From the beginning, Elizabeth Holmes knew how to tell a good story. She launched her blood testing company, Theranos, with a tale of a powerful vision to revolutionize health care and change an old, outdated industry. She presented herself as Steve Jobs, part two. She sketched out a picture of someone in control.

That Holmes, and that story, is what prosecutor John Bostic worked to reset back to during his rebuttal argument, the last word before the case went to the jury on Friday afternoon. It wasn’t reasonable to think the CEO of a company didn’t know exactly what impression she was giving to investors, Bostic said. It was clear she knew about problems with the Theranos tests. Holmes knew that the technology wasn’t working as intended, and that Theranos might not be able to change the world. When that story started to fall apart, she tried anything she could to try and keep it together.

“We admire people who set ambitious goals and set out to achieve them,” Bostic said. “Instead, we see a CEO of a company so desperate for success, so afraid of failure, that she was willing to do anything to keep that company from failing.”

But in the closing arguments of her trial for fraud, which wrapped up Friday, her defense attorney Kevin Downey also told a story. This story was about a well-meaning CEO who trusted what experts told her, who didn’t know about problems at her company, and who couldn’t be faulted if people misinterpreted the things she told them about Theranos. It relied on undercutting the origin story in order to convince the jury that she wasn’t guilty of the charges against her.

To find her guilty of those charges — wire fraud and conspiracy to commit wire fraud — the jury has to believe Holmes intended to give people misleading information about what the Theranos technology could do. That intent matters, Downey stressed through his closing arguments.

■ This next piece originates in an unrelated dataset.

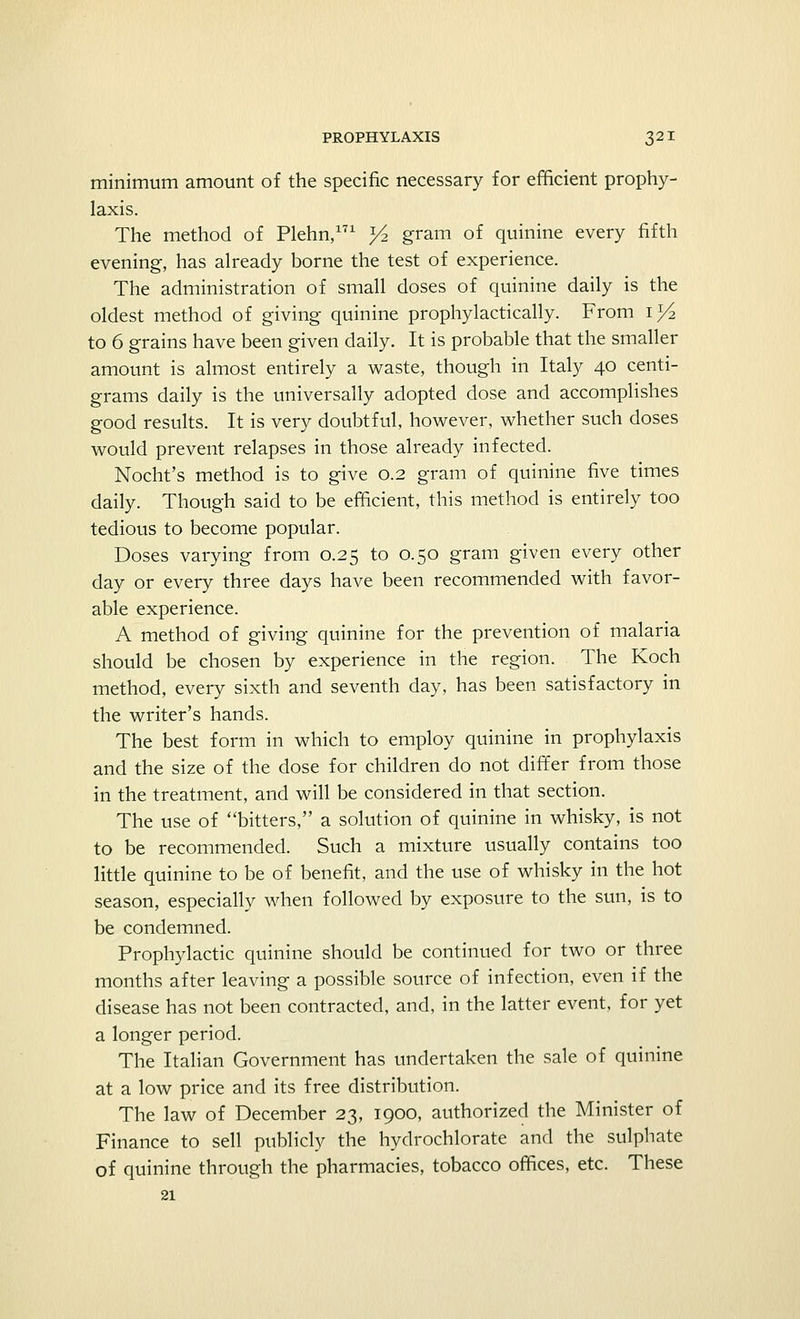 minimum amount of the specific necessary for efficient prophy- laxis. The method of Plehn,171 >4 gram of quinine every fifth evening, has already borne the test of experience. The administration of small doses of quinine daily is the oldest method of giving quinine prophylactically. From i>4 to 6 grains have been given daily. It is probable that the smaller amount is almost entirely a waste, though in Italy 40 centi- grams daily is the universally adopted dose and accomplishes good results. It is very doubtful, however, whether such doses would prevent relapses in those already infected. Nocht's method is to give 0.2 gram of quinine five times daily. Though said to be efficient, this method is entirely too tedious to become popular. Doses varying from 0.25 to 0.50 gram given every other day or every three days have been recommended with favor- able experience. A method of giving quinine for the prevention of malaria should be chosen by experience in the region. The Koch method, every sixth and seventh day, has been satisfactory in the writer's hands. The best form in which to employ quinine in prophylaxis and the size of the dose for children do not differ from those in the treatment, and will be considered in that section. The use of bitters, a solution of quinine in whisky, is not to be recommended. Such a mixture usually contains too little quinine to be of benefit, and the use of whisky in the hot season, especially when followed by exposure to the sun, is to be condemned. Prophylactic quinine should be continued for two or three months after leaving a possible source of infection, even if the disease has not been contracted, and, in the latter event, for yet a longer period. The Italian Government has undertaken the sale of quinine at a low price and its free distribution. The law of December 23, 1900, authorized the Minister of Finance to sell publicly the hydrochlorate and the sulphate of quinine through the pharmacies, tobacco offices, etc. These 21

Figuring out that intent takes getting inside Holmes’ head during the times she lied or said things that could be misleading. When Holmes told investors and reporters that the Theranos devices could run hundreds of accurate tests, Downey said she actually was referring to what the company was going to be able to do in the future, on future iterations of the Theranos device.

And when Holmes told investor Bryan Tolbert, vice president of finance for Texas-based Hall Group, that the company was “doing a lot of work” with the military, she didn’t mean that Theranos devices were actively in use in the military — just that the company was working towards that goal. (Investors say Holmes told them the company’s devices were used in Afghanistan and on medevacs.)

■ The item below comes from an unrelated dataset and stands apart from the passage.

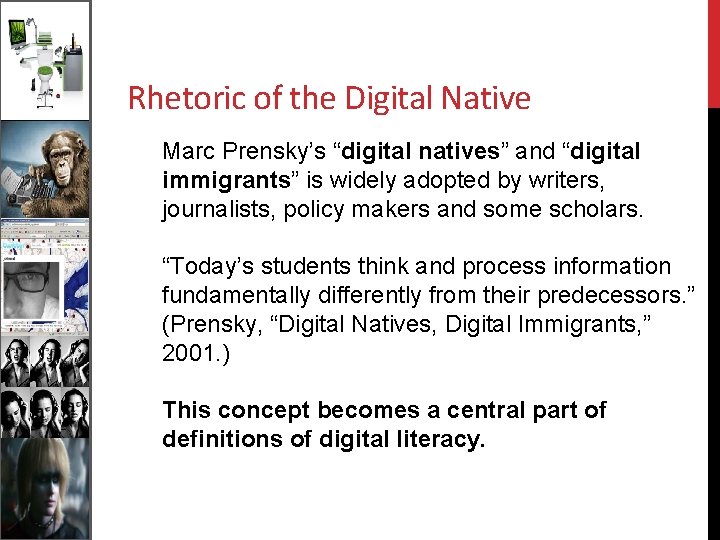 Rhetoric of the Digital Native Marc Prensky’s “digital natives” and “digital immigrants” is widely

If investors got the wrong idea, well, that was because they misinterpreted things, Downey said. And, even if they did misinterpret things, that didn’t actually matter, he said. Those types of statements from Holmes weren’t why investors decided to give Theranos money. Holmes and the things she said weren’t actually that critical to the decision making process, Downey said. Investors just cared that Theranos had a partnership with Walgreens. (Multiple investors said they trusted the stories Holmes told them about Theranos’ capabilities.)

Holmes also couldn’t be responsible for any problems with the Theranos technology, Downey said. Other people were responsible — like former Theranos lab director Adam Rosendorff. Holmes thought the tests were accurate. She saw positive reviews from satisfied customers, and the company apologized any time there was an error. She had no reason to think there were any issues that she needed to be concerned about, Downey said. (In fact, Theranos’ scientists repeatedly flagged serious issues to Holmes in emails revealed throughout the trial.)

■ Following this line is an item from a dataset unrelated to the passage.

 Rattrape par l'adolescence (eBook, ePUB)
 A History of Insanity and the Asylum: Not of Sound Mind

Holmes didn’t behave as someone who had something to hide, Downey said. She hired a high-profile board of directors — a former secretary of state, a former senator, a retired Marine Corps four-star general. She allowed people from drug companies and academic institutions to scrutinize her company’s tech. She gave information to the Food and Drug Administration. And, when news reports and a federal investigation found problems with her labs, she doubled down on work to figure out what went wrong.

“You know that at the first sign of trouble, crooks cash out, criminals cover up, and rats flee a sinking ship,” Downey said. But Holmes was a devoted CEO who believed that her company was going to change the world. Instead of running, she brought in experts to scrutinize the testing program, Downey noted. “Are those the actions of someone who had been engaged in a conspiracy to defraud people?”

There are versions of Holmes everywhere: there’s the one she offered in media interviews, the ones sketched out in podcasts, the one that will be fictionalized in the upcoming Hulu series. Over the past three months, there have been two more, presented by prosecutors and defense attorneys. Now, those versions go to the jurors. It’s up to them to decide which story is the closest to reality — and if that reality is criminal.